A quick scroll through Tuesday Riddell’s Instagram feed will yield brief yet dizzying captions like these: “birds decorating branches with foxglove flowers,” “raindrop-laced web,” “cluster of ladybirds hibernating in the curl of an autumn leaf,” “a bracelet of brambles,” “squirrels’ tails curling around an arcing branch,” “under a sunflower bridge,” “poppy seed showers,” “butterflies hatching in the moonlight while worms munch on kiwis,” “butterfly stealing a pearl.” And so on. Her subject matter is the teeming, swirling, ever-flowing life of the forest floor at nighttime, all the flora and fauna down to the seeds and insects and stems of the plants. Her artwork makes us privy to a hidden, fecund world—one that flares to life in the dark.

I’d been a fan of Riddell’s art for some time before one day I glimpsed a video of it. I was astonished to see how the flat piece I’d loved in photos glowed and shimmered when held to the light. I’d been so enamored of her renderings that I hadn’t realized how complex and delicate her medium is: japanning, an endangered 17th century technique developed by European artists to imitate lacquerwork from Asia.
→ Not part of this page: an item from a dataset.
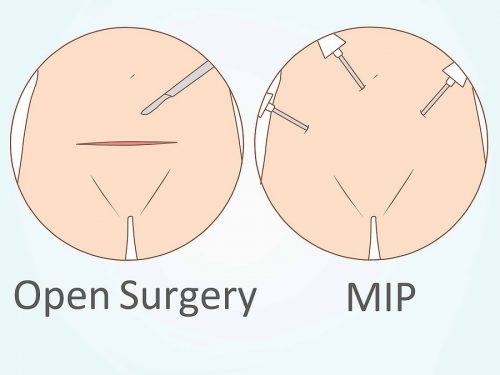 Hysterectomy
To create each piece, Riddell sands and polishes a wooden board, then prepares it with up to thirty layers of lacquer that she mixes herself with pigments and varnishes before letting it harden into a black, mirrored base surface. Once the lacquered board is ready, she marks out silhouettes, works on the backgrounds using luster powders, and fills in the silhouettes with layers of shade and line and gold- and silver-leaf, and occasional mother-of-pearl. It’s a time-consuming, painstaking process; each artwork ends up consisting of around forty layers.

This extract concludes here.